**TASK OBJECTIVE**. Write out exactly the lines between the line containing "Sac à dos Fairtrade" and the end of the records, counting both ends, and leave out all pictures.

**SOURCE DATA**.
>>>>

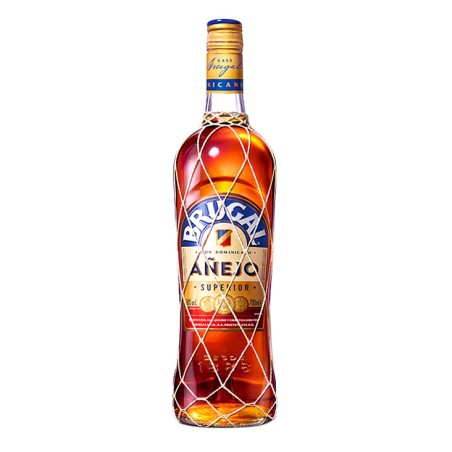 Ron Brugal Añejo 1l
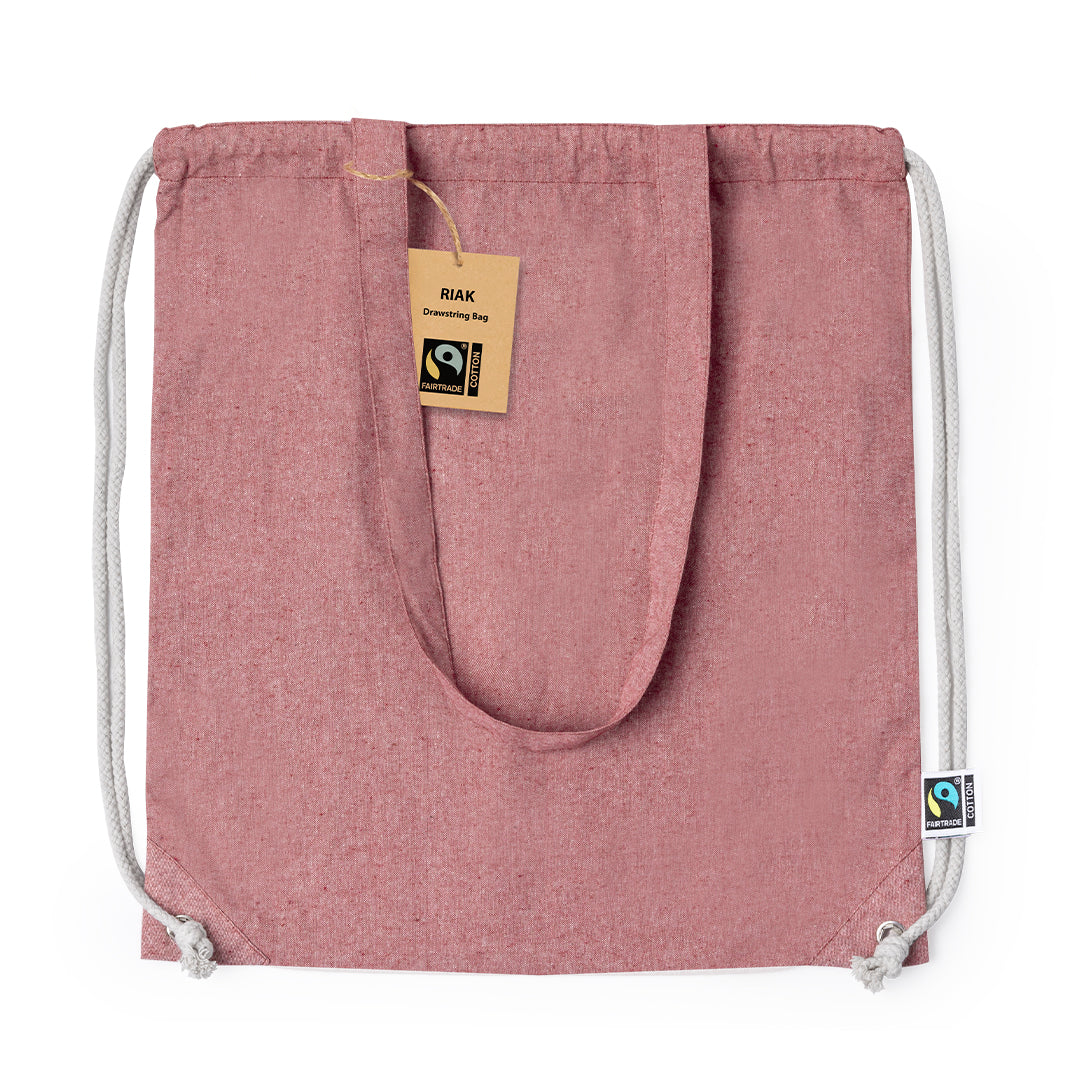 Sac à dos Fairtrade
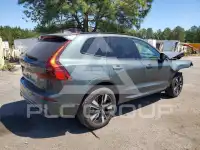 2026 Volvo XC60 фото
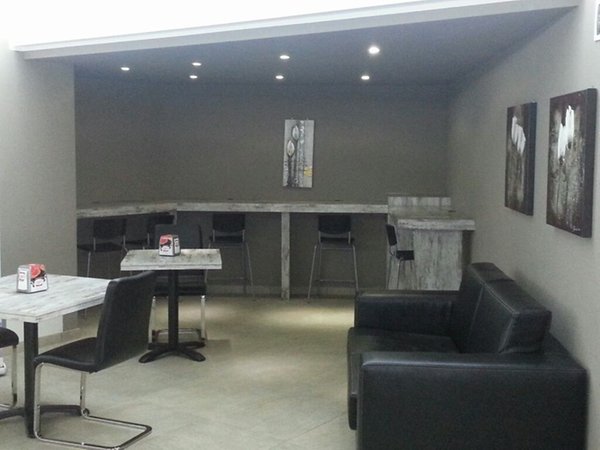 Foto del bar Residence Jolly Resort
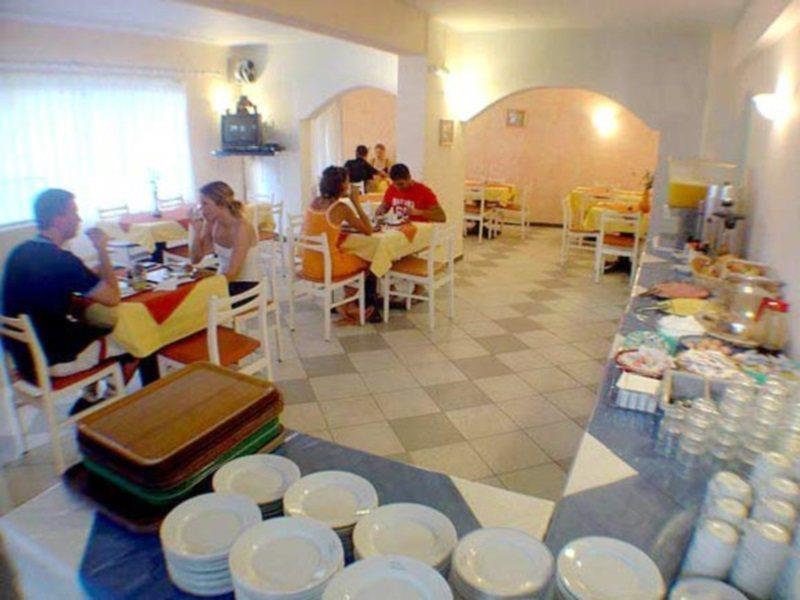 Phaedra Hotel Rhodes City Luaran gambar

<<<<

**RESPONSE FOR THIS EXERCISE**.
 Sac à dos Fairtrade
 2026 Volvo XC60 фото
 Foto del bar Residence Jolly Resort
 Phaedra Hotel Rhodes City Luaran gambar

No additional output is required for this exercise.